L’obiettivo è chiaro: far arrivare anche sulla Metromare i nuovi treni Hitachi destinati alla metro B. Si tratta di un’operazione che potrebbe rappresentare una svolta concreta per i pendolari del litorale romano, a fronte di una situazione che, come descritto nella stessa memoria, è ormai diventata insostenibile per la scarsità di convogli e la bassa frequenza delle corse.
Regione in ritardo, interviene il Comune
Il rilancio della Metromare era stato affidato, in origine, alla maxi commessa con la Titagarh Firema, che avrebbe dovuto garantire 38 nuovi treni destinati alle linee regionali Roma Nord e Roma-Lido. Tuttavia, nessuno di questi convogli è mai stato consegnato, lasciando entrambe le linee in una situazione critica. Da qui la scelta del Comune di Roma di intervenire direttamente, sebbene fuori dalle sue competenze dirette.

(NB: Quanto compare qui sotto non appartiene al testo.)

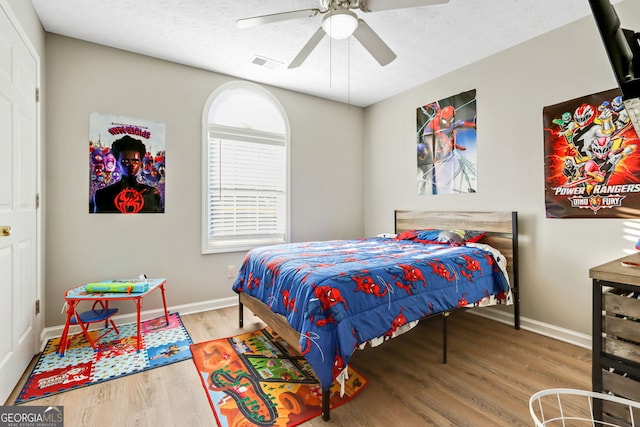 bedroom featuring ceiling fan, a textured ceiling, and hardwood / wood-style flooring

Durante una riunione istituzionale tenutasi il 10 settembre scorso, il presidente della Regione Lazio Francesco Rocca e il sindaco di Roma Roberto Gualtieri hanno annunciato l’intenzione condivisa di inserire la Regione nella commessa Hitachi per la metro B, già avviata dalla Capitale.
Sette nuovi convogli per la linea costiera
Il piano prevede l’acquisto di 7 treni da destinare esclusivamente alla Metromare, senza sottrarre mezzi alla metro B. Si tratta di una soluzione amministrativamente più rapida, che evita di bandire una nuova gara e consente di integrare il trasporto regionale nel sistema urbano già esistente.
L’iniziativa rientra negli obiettivi del Piano Urbano per la Mobilità Sostenibile (PUMS), che prevede il potenziamento del servizio su tutte le tratte strategiche. La memoria firmata da Patanè sottolinea che, con l’attuale numero di treni, gli standard previsti dal piano non sono raggiungibili.
Nonostante la gestione della linea sia affidata ad Astral e Cotral, le ricadute dei disservizi colpiscono direttamente i cittadini romani. Per questo il Comune ha deciso di muoversi, anche per evitare ulteriori ritardi in attesa che la Regione sblocchi le forniture pendenti con Firema.
I prossimi passaggi
L’iter prevede ora una serie di atti burocratici e amministrativi per formalizzare l’ingresso della Regione nella fornitura Hitachi, consentendo la messa in esercizio dei nuovi convogli entro tempi ragionevoli. Se l’operazione andrà in porto, i primi sette treni potranno essere operativi sulla Metromare, migliorando frequenza, affidabilità e condizioni di viaggio.
Un risultato atteso da anni, che potrebbe finalmente offrire una risposta concreta alle criticità denunciate da pendolari e associazioni.